Usage of Batch_data.mat


i have some questions regarding Batch_data.mat.

basically i will just write what i think is happening and it would be nice if you could confirm :smile:

my idea of this file is that it basically contains:

i) the cellprofiler pipeline
ii) the filenames and paths to all the images to be analysed

ad ii): this avoids that loadimages has to walk through all the directories and files to find the imagesets to be analysed (as specified by the -f and -l options)

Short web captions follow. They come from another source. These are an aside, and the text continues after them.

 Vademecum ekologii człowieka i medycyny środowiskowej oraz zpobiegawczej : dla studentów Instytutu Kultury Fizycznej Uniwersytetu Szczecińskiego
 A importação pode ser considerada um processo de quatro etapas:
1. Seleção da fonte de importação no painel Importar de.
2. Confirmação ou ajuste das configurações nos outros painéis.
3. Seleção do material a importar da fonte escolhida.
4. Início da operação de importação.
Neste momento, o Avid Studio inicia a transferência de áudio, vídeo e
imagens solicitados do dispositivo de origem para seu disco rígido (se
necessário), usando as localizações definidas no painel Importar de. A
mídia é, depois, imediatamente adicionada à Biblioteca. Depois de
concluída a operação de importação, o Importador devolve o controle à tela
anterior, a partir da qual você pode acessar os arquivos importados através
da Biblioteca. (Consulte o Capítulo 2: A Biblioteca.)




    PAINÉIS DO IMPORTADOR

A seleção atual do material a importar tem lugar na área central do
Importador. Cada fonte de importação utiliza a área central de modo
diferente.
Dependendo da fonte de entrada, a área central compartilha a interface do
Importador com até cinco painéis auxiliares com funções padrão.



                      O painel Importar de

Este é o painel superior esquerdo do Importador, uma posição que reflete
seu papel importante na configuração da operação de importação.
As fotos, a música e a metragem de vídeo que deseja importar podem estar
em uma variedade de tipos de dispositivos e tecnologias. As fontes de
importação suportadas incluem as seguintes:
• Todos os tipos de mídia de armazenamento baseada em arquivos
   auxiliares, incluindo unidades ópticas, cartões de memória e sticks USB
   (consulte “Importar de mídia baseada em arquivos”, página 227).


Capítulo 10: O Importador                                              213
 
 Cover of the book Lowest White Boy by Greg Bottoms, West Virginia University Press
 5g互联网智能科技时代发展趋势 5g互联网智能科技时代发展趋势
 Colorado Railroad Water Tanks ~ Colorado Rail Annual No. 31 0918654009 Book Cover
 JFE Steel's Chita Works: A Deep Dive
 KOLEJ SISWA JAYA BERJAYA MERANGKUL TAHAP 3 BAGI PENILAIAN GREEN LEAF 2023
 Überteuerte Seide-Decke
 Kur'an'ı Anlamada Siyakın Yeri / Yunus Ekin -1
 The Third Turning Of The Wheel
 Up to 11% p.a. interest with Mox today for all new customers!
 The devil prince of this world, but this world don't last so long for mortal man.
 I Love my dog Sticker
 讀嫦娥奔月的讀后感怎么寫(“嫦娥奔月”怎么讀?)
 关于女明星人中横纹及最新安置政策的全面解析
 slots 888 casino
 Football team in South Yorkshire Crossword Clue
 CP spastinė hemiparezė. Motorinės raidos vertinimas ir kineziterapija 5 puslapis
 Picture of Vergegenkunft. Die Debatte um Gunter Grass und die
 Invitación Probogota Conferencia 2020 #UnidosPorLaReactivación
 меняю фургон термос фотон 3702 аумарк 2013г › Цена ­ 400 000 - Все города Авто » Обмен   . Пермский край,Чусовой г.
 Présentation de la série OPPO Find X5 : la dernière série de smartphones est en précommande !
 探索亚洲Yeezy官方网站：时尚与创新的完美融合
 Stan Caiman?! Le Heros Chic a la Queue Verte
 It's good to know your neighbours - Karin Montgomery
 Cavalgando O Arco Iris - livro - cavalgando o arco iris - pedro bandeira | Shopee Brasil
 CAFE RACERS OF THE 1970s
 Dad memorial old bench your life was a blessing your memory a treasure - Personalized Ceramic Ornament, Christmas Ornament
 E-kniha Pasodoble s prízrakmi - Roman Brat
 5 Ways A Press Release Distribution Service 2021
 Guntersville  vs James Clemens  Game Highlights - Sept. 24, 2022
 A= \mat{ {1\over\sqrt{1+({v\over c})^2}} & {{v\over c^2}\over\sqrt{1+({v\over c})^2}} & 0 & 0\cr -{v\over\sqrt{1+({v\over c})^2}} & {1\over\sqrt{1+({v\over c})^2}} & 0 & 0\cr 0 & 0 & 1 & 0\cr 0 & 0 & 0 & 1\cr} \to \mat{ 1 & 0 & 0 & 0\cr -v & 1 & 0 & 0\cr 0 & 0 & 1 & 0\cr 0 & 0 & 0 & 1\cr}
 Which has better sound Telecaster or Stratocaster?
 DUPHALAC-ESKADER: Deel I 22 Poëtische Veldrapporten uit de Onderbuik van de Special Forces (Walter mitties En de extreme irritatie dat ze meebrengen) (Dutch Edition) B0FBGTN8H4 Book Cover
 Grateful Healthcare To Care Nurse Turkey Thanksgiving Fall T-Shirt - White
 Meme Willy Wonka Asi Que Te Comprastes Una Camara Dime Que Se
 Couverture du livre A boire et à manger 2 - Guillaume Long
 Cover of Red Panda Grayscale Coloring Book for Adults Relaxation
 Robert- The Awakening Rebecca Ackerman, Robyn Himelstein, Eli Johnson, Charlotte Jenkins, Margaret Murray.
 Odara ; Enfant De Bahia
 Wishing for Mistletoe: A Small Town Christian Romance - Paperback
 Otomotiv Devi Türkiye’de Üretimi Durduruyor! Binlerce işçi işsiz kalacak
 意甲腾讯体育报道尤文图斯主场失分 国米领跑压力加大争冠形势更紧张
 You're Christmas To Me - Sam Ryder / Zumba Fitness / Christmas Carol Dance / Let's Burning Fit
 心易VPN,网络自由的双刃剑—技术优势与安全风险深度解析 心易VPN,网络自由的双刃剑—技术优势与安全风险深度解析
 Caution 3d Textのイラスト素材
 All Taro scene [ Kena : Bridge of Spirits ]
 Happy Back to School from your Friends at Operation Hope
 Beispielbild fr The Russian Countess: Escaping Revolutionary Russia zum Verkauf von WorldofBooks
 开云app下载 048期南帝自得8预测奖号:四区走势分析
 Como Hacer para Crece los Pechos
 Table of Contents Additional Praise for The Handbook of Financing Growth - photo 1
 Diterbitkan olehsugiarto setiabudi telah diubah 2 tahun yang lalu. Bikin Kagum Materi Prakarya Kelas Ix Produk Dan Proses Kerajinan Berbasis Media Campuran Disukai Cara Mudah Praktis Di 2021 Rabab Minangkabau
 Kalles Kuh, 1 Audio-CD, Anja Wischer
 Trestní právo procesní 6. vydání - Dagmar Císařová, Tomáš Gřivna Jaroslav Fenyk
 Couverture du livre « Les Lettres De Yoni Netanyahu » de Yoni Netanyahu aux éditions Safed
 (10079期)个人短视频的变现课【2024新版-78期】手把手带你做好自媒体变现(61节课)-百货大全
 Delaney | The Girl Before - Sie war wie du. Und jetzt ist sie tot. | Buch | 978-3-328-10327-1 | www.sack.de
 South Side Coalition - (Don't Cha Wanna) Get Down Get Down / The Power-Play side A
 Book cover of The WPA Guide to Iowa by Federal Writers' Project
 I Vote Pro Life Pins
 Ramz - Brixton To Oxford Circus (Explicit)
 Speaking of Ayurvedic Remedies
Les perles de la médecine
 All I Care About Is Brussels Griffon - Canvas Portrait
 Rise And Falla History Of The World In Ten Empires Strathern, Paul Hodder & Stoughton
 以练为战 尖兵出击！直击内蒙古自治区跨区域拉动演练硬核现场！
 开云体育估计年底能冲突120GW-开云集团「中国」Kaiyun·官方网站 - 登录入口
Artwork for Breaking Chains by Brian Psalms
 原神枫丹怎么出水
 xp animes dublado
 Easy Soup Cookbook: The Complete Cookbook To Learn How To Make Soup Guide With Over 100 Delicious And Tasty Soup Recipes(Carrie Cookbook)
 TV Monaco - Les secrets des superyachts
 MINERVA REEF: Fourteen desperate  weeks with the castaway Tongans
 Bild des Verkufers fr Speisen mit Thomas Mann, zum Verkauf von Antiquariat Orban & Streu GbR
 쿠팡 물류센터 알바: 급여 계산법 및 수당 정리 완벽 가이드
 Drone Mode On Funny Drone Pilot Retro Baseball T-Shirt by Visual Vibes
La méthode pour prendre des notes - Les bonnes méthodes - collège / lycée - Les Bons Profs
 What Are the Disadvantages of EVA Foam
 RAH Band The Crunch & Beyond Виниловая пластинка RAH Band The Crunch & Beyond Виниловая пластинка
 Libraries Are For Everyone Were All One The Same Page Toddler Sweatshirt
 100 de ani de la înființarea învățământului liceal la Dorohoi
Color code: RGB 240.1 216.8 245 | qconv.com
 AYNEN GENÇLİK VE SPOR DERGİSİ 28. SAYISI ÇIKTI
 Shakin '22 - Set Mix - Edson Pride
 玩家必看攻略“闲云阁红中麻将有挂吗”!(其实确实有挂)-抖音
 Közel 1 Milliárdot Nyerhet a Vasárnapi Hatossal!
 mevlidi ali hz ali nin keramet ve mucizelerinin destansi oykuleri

in fact i am writing this, because we ran CellProfiler on the cluster without using the Batch_data.mat file (which works as well). But it got super slow. And we think the reason was that LoadImages had to retrieve the list of all images for each job that was started, thereby basically killing our filesystem.

we hope now that this is solved by using Batch_data.mat as a input pipeline instead of the .cp file, because Batch_data.mat already contains a list of the files to be analysed.

is this interpretation correct?

Thanks so much,

Hi Tischi,

Your description is a good guess, and indeed the batch file does operate in this fashion :smiley: Both LoadImages and LoadData know what to do in this case, since the image set list already exists. The other item of note is that the pipeline contains the default input/output folders remapped as per your settings in CreateBatchFiles.

Another workaround for your issue is to use LoadData on a csv of your file list, which is much quicker than traversing the file system each time. You can use a simple pipeline with LoadImages and ExportToSpreadsheet to generate this list as an output, and use that for input into LoadData.